#### Listed entries
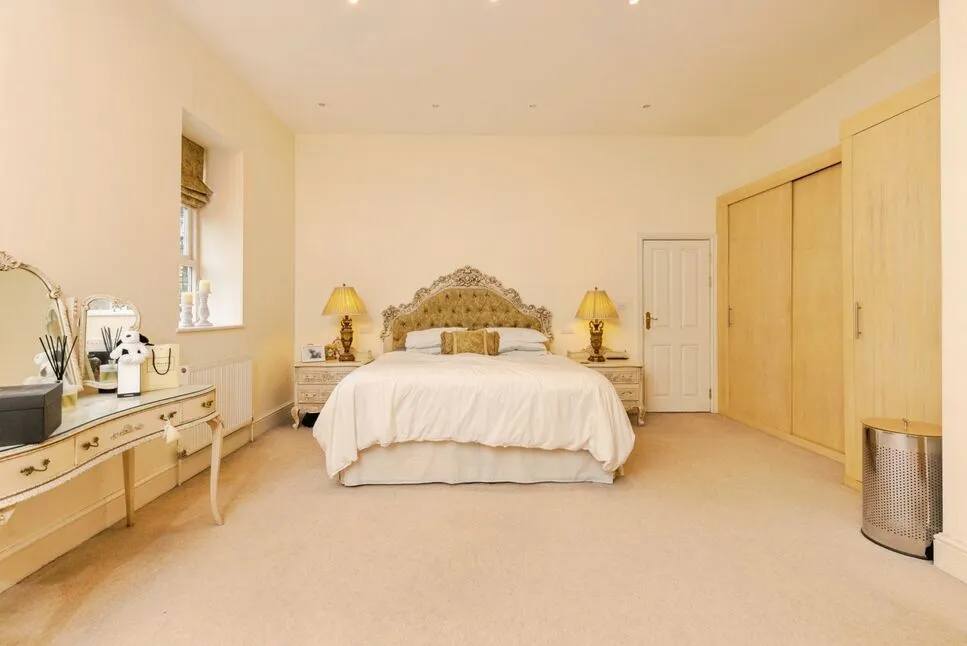 Lower Holme Way, Oakworth, BD22, photo 11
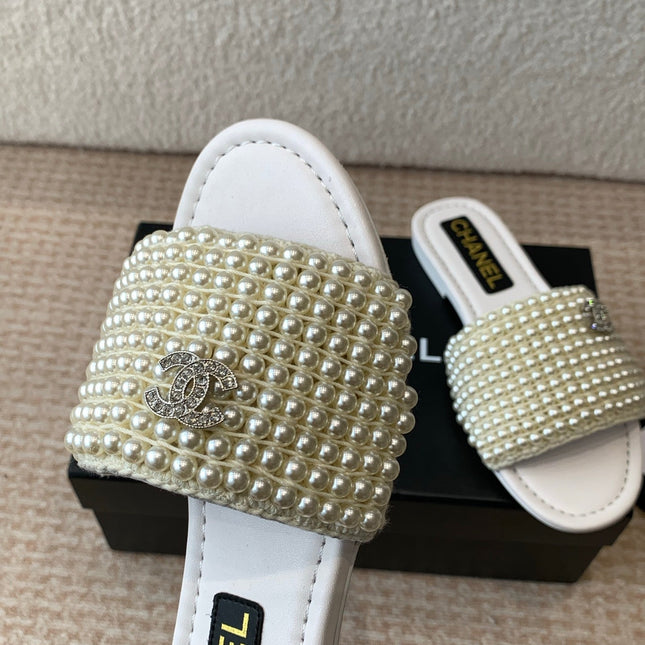 FLAT SLIDE IN WHITE LAMBSKIN WITH PEARLS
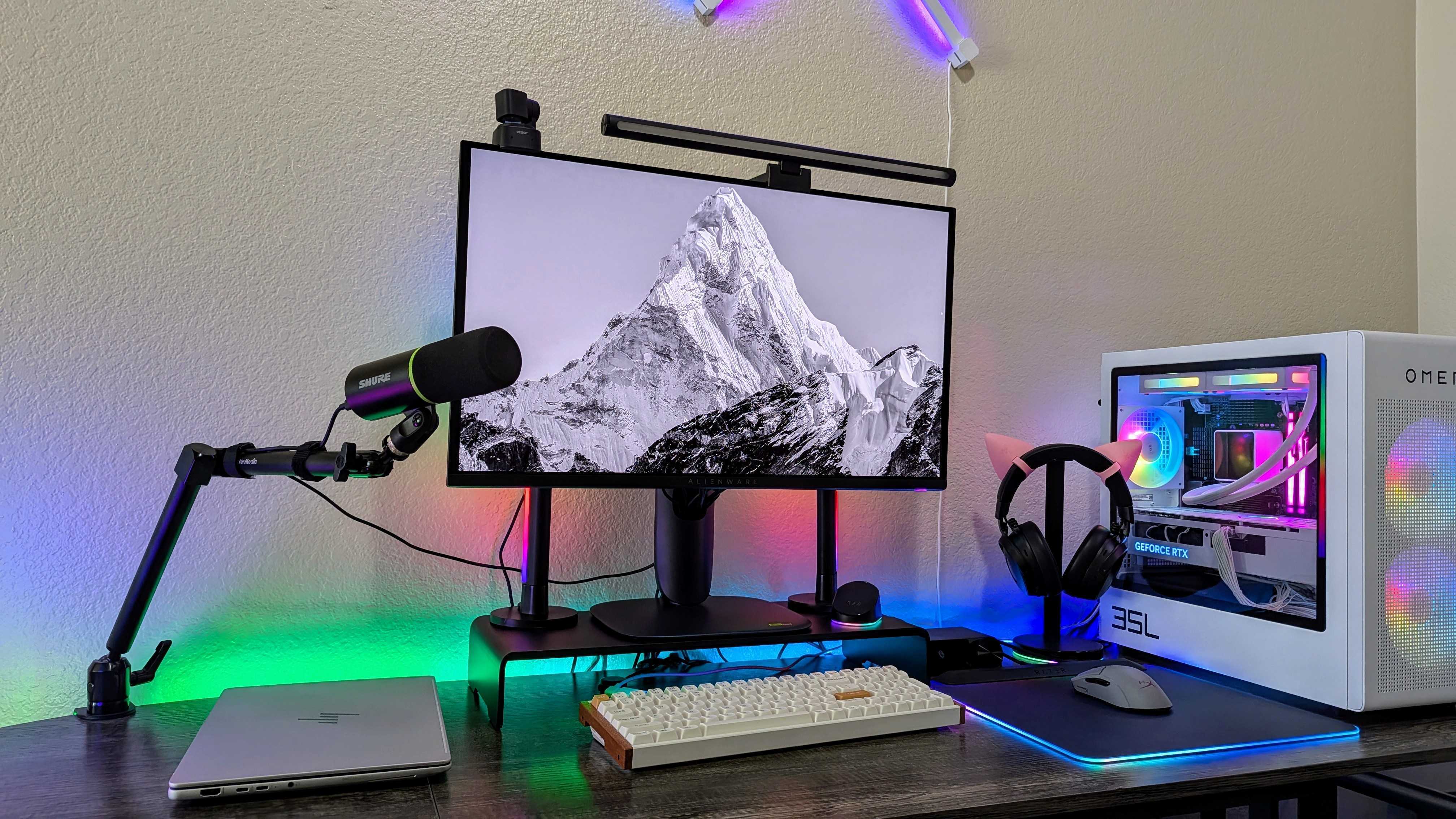 Razer Aether ayakta ışık çubuklarının görüntüsü.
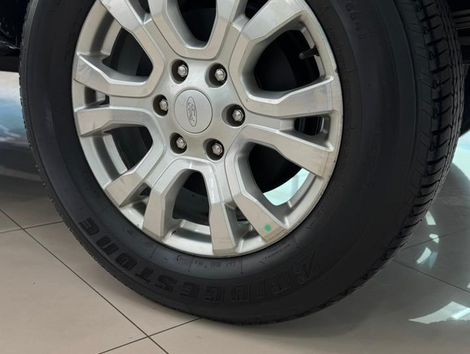 Ford XLT 3.2
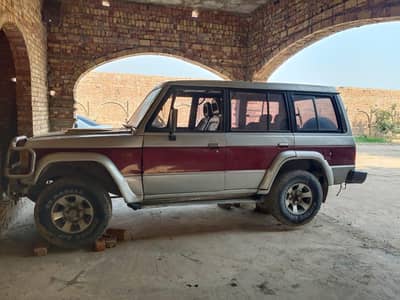 MITSUBISHI PAJERO 4X4 1989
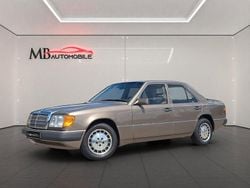 Braun Gebraucht 1990 Mercedes E250 Limousine | 18.900 €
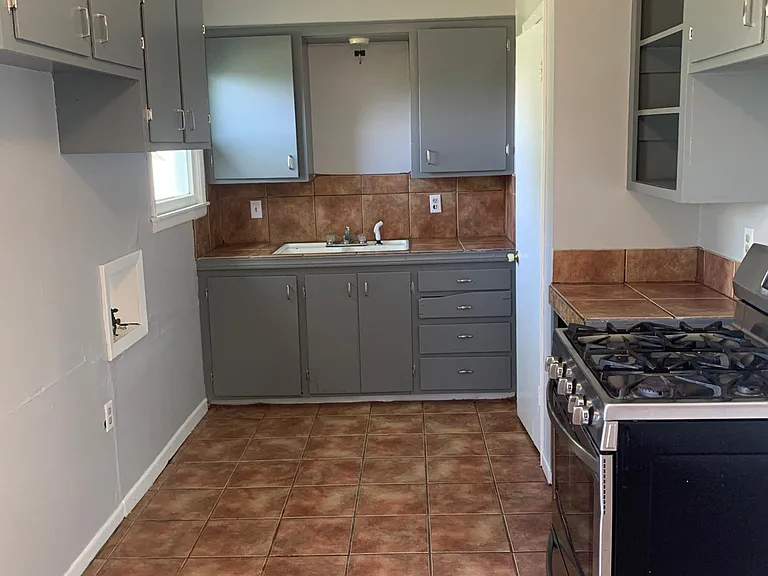 5318 Questa Dr — Photo 8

#### What you are asked to do
Skipping any pictures, copy the entries exactly as they appear.

#### Solution for this task
 Lower Holme Way, Oakworth, BD22, photo 11
 FLAT SLIDE IN WHITE LAMBSKIN WITH PEARLS
 Razer Aether ayakta ışık çubuklarının görüntüsü.
 Ford XLT 3.2
 MITSUBISHI PAJERO 4X4 1989
 Braun Gebraucht 1990 Mercedes E250 Limousine | 18.900 €
 5318 Questa Dr — Photo 8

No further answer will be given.